Owen wrote:The ARM7TDMI is a simple in order single issue chip with no cache.
What does the compiler know that can make it better than me at that? In fact, its often worse, because it invokes its multiplication helper routines when you could do it in a couple of instructions instead...
I hadn't looked that deeply into the GBA specifically, so I wasn't aware of those characteristics, and they do make my main argument moot. Thank you for informing me.
Owen wrote:Of course, really need to avoid running ARM mode code from main memory. Massive performance killer.
(Now, if this were the NDS, that does indeed have caches. But also a bat **** insane memory architecture...)
This is what I was getting at with my "pay attention to the bus specs" remark. In some passing Nerd ADD research, I knew that the main memory bus in the GBA is 16-bit, and therefore well-suited to thumb code, and that there is also a 32-bit RAM area where you can load some 32-bit code.

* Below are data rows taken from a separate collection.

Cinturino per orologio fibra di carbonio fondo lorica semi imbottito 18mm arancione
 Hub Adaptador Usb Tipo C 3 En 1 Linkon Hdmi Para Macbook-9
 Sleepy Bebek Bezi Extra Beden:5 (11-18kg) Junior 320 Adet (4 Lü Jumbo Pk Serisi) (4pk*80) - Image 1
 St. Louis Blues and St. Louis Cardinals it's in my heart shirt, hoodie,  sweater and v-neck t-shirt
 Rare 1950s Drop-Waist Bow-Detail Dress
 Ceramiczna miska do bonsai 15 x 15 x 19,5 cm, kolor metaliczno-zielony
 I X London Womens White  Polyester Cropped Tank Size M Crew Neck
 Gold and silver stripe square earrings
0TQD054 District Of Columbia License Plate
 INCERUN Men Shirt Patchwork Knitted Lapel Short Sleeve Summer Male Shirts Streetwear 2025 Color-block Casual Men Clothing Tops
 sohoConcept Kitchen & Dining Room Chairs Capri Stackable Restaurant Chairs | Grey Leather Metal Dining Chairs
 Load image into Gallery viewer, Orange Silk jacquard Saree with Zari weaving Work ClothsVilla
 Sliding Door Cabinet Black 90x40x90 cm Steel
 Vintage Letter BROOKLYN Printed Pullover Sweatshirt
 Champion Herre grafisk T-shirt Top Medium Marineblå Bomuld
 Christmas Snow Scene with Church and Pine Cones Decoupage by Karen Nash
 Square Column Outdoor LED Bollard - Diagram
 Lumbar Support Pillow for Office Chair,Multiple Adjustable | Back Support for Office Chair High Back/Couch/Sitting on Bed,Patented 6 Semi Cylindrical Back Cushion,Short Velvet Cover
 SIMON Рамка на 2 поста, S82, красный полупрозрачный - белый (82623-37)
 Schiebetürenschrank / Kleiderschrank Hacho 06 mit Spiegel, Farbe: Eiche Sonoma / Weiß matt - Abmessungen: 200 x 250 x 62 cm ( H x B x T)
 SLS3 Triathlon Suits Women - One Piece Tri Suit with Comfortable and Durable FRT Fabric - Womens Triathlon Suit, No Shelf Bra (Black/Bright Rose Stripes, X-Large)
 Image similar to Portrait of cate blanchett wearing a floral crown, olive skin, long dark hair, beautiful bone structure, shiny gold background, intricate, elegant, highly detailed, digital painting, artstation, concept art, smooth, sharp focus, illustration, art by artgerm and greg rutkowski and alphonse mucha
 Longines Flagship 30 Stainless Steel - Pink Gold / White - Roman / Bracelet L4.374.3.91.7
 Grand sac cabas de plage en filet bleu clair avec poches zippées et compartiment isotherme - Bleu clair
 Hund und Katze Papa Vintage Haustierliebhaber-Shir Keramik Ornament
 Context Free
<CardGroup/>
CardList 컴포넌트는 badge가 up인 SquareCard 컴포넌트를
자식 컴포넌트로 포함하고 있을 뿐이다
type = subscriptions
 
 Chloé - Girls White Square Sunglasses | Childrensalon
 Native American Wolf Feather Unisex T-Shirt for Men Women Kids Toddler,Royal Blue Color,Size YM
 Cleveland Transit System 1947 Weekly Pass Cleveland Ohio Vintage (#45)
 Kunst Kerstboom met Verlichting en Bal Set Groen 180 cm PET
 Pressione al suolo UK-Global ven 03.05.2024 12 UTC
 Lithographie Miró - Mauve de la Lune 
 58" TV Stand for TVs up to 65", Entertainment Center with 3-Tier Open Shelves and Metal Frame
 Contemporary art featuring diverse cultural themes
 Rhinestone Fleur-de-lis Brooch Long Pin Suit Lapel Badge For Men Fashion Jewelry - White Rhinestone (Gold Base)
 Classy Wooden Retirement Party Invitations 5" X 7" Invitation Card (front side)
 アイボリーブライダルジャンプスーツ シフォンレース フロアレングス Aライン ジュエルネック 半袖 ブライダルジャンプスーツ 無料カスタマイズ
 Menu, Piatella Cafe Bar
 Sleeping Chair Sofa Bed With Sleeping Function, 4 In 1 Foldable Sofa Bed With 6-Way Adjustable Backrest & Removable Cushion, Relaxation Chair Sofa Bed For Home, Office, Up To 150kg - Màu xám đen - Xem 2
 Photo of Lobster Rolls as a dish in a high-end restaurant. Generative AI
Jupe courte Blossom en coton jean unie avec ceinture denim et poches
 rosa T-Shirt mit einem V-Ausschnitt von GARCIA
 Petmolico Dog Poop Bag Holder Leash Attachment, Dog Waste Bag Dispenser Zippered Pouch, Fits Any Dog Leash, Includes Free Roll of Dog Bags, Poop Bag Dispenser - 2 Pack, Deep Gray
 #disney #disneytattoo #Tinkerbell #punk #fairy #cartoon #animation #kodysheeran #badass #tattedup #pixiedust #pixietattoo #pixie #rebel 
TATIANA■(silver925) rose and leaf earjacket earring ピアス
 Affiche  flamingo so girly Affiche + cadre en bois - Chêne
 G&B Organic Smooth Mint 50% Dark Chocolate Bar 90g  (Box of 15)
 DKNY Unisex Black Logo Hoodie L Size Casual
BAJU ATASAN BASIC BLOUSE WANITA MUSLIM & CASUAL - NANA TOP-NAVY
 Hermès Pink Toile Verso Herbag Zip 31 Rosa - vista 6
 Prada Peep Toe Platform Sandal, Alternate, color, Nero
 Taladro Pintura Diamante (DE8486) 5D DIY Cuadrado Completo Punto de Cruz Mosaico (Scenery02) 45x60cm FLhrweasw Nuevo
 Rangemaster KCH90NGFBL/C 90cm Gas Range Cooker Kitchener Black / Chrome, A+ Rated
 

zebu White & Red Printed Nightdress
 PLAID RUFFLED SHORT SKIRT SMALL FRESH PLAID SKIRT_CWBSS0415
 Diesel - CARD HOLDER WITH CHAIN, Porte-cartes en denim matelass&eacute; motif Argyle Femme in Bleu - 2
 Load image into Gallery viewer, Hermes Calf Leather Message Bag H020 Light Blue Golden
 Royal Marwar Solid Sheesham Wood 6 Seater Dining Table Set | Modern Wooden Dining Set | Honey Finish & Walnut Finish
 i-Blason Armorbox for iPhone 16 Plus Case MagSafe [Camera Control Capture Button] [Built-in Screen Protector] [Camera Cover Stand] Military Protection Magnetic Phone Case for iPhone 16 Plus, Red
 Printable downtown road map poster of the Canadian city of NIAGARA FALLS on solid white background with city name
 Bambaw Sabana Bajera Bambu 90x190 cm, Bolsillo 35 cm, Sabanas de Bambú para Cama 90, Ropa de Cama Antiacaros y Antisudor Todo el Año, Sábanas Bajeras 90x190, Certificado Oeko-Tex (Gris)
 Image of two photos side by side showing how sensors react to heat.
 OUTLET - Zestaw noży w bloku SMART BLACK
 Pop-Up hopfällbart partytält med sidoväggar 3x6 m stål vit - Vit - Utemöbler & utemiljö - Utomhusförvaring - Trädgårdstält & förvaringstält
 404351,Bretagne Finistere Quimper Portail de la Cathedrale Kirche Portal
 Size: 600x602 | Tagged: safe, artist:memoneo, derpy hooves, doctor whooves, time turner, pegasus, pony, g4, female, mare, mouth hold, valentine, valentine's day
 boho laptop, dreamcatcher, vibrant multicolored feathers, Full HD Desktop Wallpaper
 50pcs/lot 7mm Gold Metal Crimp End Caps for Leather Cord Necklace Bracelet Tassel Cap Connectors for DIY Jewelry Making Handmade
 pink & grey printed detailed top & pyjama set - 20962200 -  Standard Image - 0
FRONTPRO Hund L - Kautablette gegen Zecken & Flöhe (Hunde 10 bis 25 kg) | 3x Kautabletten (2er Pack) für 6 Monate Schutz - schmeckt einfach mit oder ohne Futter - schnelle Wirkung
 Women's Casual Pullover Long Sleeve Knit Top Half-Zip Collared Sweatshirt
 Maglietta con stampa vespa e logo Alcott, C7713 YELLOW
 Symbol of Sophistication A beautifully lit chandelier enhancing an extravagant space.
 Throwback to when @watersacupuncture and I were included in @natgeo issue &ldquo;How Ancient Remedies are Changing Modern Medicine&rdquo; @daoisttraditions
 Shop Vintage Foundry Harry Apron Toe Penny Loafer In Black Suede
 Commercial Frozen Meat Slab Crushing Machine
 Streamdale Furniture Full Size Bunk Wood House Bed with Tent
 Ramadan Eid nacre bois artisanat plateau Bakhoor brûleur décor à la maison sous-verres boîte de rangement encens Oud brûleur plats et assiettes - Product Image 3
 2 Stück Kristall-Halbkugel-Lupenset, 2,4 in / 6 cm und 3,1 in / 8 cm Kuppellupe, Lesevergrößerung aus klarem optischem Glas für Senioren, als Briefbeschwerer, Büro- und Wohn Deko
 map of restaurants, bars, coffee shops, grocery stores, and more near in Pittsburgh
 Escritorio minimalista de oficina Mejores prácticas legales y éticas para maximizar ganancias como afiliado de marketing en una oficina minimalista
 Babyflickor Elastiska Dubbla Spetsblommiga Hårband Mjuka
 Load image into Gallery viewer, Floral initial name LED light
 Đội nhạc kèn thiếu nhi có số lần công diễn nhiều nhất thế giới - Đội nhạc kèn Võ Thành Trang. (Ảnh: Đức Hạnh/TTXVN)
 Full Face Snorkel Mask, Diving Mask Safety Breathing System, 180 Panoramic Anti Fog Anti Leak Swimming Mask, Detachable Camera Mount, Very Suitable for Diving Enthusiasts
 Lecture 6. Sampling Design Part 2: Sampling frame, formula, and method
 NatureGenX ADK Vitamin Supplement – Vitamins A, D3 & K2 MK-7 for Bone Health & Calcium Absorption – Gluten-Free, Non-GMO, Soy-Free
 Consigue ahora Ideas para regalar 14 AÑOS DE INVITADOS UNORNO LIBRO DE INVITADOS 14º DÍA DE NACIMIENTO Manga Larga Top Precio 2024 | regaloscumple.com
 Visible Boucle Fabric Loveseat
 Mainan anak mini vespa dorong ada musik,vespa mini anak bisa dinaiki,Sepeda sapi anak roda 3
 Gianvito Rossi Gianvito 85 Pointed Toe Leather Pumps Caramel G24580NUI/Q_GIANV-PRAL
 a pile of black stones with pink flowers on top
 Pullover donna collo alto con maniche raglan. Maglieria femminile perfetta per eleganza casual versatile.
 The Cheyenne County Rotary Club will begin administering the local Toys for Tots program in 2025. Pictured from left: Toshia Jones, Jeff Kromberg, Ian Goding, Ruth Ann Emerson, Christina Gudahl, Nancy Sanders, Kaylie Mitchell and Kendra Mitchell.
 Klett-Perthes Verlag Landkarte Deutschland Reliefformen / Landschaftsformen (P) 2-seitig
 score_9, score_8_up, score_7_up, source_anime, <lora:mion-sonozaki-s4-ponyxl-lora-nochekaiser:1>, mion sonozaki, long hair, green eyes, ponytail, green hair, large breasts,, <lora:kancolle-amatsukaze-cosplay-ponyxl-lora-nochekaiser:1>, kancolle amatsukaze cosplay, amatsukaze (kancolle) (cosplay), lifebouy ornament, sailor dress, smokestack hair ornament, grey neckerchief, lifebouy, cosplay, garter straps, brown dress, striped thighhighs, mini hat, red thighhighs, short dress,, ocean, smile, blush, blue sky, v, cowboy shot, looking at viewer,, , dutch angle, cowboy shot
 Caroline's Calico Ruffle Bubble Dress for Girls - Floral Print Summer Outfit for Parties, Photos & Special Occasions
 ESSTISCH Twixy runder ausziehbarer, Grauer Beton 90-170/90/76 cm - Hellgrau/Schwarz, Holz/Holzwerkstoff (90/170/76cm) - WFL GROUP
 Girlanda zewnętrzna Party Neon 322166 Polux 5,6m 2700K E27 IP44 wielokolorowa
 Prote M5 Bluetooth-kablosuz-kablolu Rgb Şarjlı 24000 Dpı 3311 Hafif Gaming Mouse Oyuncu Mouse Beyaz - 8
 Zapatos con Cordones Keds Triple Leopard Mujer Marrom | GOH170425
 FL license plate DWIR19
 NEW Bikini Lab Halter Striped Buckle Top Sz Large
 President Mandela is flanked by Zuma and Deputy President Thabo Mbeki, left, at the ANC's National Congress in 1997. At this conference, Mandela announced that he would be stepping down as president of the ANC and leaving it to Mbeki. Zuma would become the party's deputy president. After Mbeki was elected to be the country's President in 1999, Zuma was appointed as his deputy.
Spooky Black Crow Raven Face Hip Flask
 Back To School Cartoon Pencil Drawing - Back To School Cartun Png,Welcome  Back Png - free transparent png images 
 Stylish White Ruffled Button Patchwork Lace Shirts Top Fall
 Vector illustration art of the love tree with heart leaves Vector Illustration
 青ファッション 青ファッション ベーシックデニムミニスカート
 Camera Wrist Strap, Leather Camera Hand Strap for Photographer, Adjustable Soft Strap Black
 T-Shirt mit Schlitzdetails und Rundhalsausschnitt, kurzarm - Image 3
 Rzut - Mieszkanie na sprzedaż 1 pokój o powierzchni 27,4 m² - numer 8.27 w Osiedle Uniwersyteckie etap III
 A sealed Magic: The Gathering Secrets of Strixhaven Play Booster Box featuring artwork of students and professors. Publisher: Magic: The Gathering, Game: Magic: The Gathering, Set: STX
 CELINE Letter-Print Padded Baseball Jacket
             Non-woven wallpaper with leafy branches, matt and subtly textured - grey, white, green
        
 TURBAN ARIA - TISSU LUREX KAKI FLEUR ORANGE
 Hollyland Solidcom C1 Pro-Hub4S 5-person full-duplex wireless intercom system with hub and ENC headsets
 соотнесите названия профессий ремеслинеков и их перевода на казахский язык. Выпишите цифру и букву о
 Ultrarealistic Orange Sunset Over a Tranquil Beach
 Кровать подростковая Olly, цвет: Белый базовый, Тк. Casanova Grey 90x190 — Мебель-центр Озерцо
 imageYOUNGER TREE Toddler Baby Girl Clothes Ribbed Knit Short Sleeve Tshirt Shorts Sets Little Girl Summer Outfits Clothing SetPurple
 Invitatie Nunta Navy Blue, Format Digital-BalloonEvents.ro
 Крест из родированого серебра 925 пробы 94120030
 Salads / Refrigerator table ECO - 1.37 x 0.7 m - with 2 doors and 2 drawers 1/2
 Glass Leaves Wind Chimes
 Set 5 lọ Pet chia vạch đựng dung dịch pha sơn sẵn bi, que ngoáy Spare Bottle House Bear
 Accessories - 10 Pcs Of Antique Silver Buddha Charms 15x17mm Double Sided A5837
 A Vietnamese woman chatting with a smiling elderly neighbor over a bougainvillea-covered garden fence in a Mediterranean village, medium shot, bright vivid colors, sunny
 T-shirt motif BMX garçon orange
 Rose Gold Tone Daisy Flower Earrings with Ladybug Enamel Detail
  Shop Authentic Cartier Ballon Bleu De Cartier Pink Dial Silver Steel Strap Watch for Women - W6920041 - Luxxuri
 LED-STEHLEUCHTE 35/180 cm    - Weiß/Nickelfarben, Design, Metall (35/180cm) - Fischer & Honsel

I do recognize the benefits of assembly in a limited environment, and I recognize it always as a valid choice for personal reasons in any personal project. What I was trying to get at is that, if you're careful, a language as low-level as C can easily increase productivity and still fit rather well to the needs of the environment. Especially if you specify to the compiler that you don't want any builtin code included and augment with assembly where needed.
Thank you for your rebuttal, it was both engaging and informative.